Le Sénat a achevé jeudi de muscler le projet de réforme pénale post-attentats, après avoir confirmé la possibilité de prononcer une "perpétuité incompressible" pour les auteurs de crimes terroristes. Un texte "qui ne convient pas du tout" Me Dupond-Moretti, comme il l'a déclaré ce vendredi sur RMC.

Le Sénat a donné mercredi son feu vert à la possibilité pour une cour d'assises de prononcer une "perpétuité incompressible" pour les auteurs de crimes terroristes, une proposition introduite par les députés dans le projet de réforme pénale post-attentats. Cette mesure permettra à une cour d'assises, lorsque le crime terroriste est passible de la réclusion criminelle à perpétuité, soit de porter la période de sûreté jusqu'à 30 ans contre 22 actuellement, soit de décider qu'aucune mesure d'aménagement de peine ne pourra être accordée au condamné.
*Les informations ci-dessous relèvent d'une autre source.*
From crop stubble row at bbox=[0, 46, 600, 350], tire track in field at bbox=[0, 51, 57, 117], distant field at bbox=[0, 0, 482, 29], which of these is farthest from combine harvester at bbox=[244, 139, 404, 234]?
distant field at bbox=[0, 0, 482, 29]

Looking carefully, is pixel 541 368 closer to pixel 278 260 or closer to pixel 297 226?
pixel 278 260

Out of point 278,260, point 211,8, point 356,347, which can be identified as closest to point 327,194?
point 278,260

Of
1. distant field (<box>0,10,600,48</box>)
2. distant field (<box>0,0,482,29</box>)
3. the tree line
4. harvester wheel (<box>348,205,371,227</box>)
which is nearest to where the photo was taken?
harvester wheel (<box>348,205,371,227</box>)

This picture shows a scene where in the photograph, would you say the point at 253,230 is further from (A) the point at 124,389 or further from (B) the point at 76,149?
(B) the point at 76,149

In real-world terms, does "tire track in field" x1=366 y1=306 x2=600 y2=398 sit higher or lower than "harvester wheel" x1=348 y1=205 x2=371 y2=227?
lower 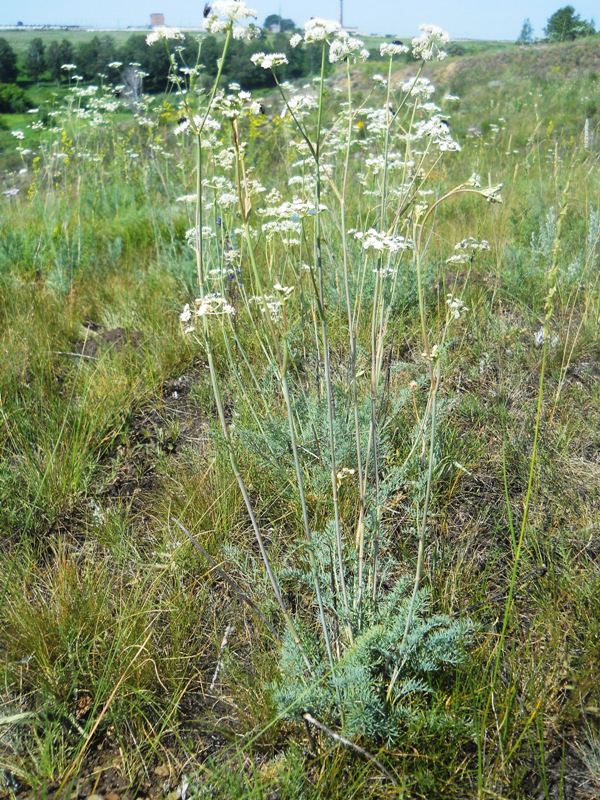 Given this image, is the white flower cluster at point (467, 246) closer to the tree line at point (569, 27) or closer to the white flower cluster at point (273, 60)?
the white flower cluster at point (273, 60)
"Ce texte ne me convient pas du tout", déclare ce vendredi sur RMC, Me Eric Dupond-Moretti. Et de s'en expliquer: "La question est philosophique. Est-ce que l'on pense, dans notre arsenal répressif et dans la philosophie du droit pénal, qu'un homme est susceptible de s'amender? Voilà la question. Pour le reste, dans les faits la perpétuité réelle existe. En effet, aucun juge ne remettra en liberté un homme reconnu coupable d'actes de terrorisme".

"La perpétuité réelle existe déjà"

Sur ce sujet, le célèbre avocat pénaliste estime que "les politiques préfèrent le populisme à la pédagogie. Cela fait bien de dire que pour répondre (au terrorisme, ndlr), on met en place la perpétuité réelle". "Dans l'affaire Breivik (terroriste norvégien responsables des attentats de juillet 2011 en Norvège qui ont fait 77 morts et 151 blessés, ndlr), l'Etat norvégien a dit 'Nous n'allons pas augmenter les peines parce que sinon nous lui donnons raison, rappelle Eric Dupond-Moretti. Je pense que quand les politiques se comportent de cette manière, les terroristes ont gagné". Il insiste: "Les politiques donnent raison aux terroristes puisque, dans les faits, cela existe déjà."

Alors que la Cour de cassation a validé, mardi 22 mars, la quasi-totalité des écoutes entre Nicolas Sarkozy et son avocat Thierry Herzog, ouvrant la voie à un possible procès de l’ancien chef de l’Etat, Me Dupond-Moretti a été interrogé afin de savoir si le secret professionnel de l'avocat était en danger. Il s'est montré catégorique à ce sujet en estimant que celui-ci "est mort".

"Une monstruosité"

"La décision de la Cour de cassation, absolument ahurissante, mais qui concerne Nicolas Sarkozy, ceci peut peut-être expliquer cela, signifie que demain si aujourd'hui vous m'appelez pour me dire que vous avez des ennuis avec votre employeur, que vous n'êtes ni gardé à vue, ni mis en examen, la police peut entendre cela. Pire, moi, en tant qu'avocat, je peux m'affranchir d'un secret professionnel qui n'existe pas et raconter de partout que vous aviez des emmerdements avec votre employeur", argumente-t-il.

"Voilà ce qu'on a fait du secret professionnel. Dans le pays des Droits de l'homme, c'est une monstruosité", juge-t-il encore avant d'ajouter: "Je peux vous dire qu'à ce sujet le barreau va bouger".